Local construction workers haven’t been sitting down on the job, judging by the progress made on new, much-needed public restroom facilities in downtown Mount Airy.
“It’s going well,” City Manager Stan Farmer said this week of the project unfolding beside Brannock and Hiatt Furniture Co. in a municipal parking lot between that business and Old North State Winery. It started about two weeks ago.
During a meeting on June 16, the Mount Airy Board of Commissioners voted to awarded a $104,900 contract to Colt W. Simmons Construction Co., a local firm, to build the restroom facilities.
When finished, these are to be similar to ones located on the Granite City Greenway behind Roses, city Public Works Director Mitch Williams has noted, which will include two bathroom units and a brick exterior.
Along with the contract sum of $104,900, a 15-percent contingency fund was included to cover unforeseen expenses, for a total project cost of $120,000.
Farmer added Monday that the construction so far has not been hampered by inclement weather, which always looms as a factor at this time of year.
“Presumably, they are to be done by the end of September, in plenty of time for the Autumn Leaves Festival” in October, Farmer said of work crews.
The availability of public restrooms is always an issue during that event at which thousands of people flood the downtown area, with facilities at businesses generally not open to the public.
Restrooms were viewed as a particular need for the 400 block, or northern end of the central business district.
Before the latest project was pursued, the nearest public restrooms to that section were reported to be almost two blocks away at the Greater Mount Airy Chamber of Commerce and Visitor Center.
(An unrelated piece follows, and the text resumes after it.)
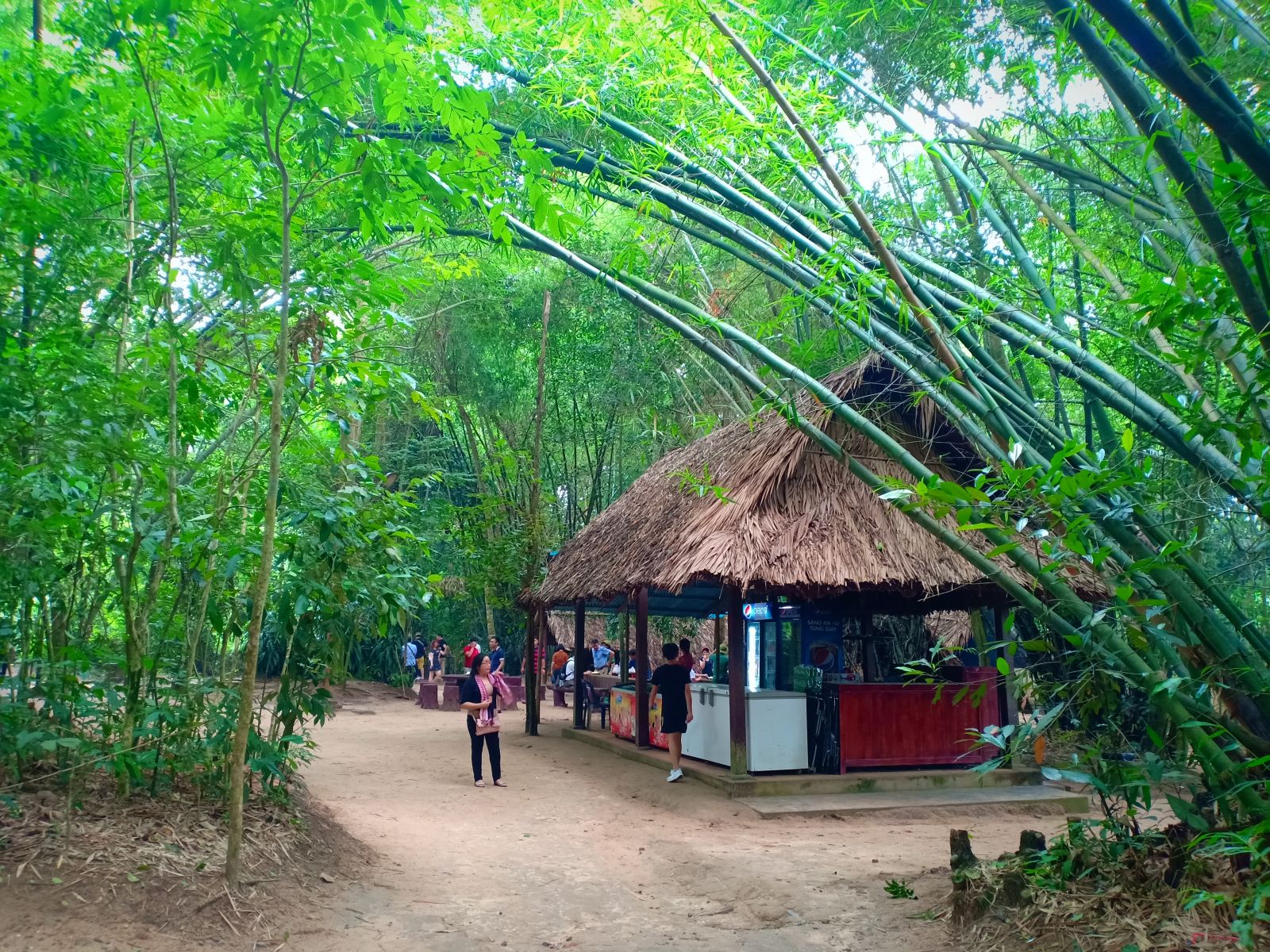 TOUR GHÉP 4N3D - HÀ NỘI - SÀI GÒN – CỦ CHI – TÂY NINH – MỸ THO – BẾN TRE - HÀ NỘI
The only other such facilities downtown are even farther away, at the southern end of the North Main Street shopping area in the Jack A. Loftis Plaza rest area where an Easter Brothers mural is located.
Funding for the new restrooms had been approved last fall through a city budget amendment totaling $295,000. It was set aside for an array of downtown projects, including the new restrooms, the updating of a master plan and others, with the group Mount Airy Downtown Inc. also committing $297,000.
The city manager acknowledged this week that some people have questioned the time lag between that approval and the construction actually getting under way this summer.
This resulted from municipal officials considering a possible alternate location for the new restrooms at a site near Trinity Episcopal Church, north of the site beside Brannock and Hiatt Furniture Co., which ultimately was abandoned.
“We took about eight weeks to work with the church at their location,” Farmer explained regarding the delay.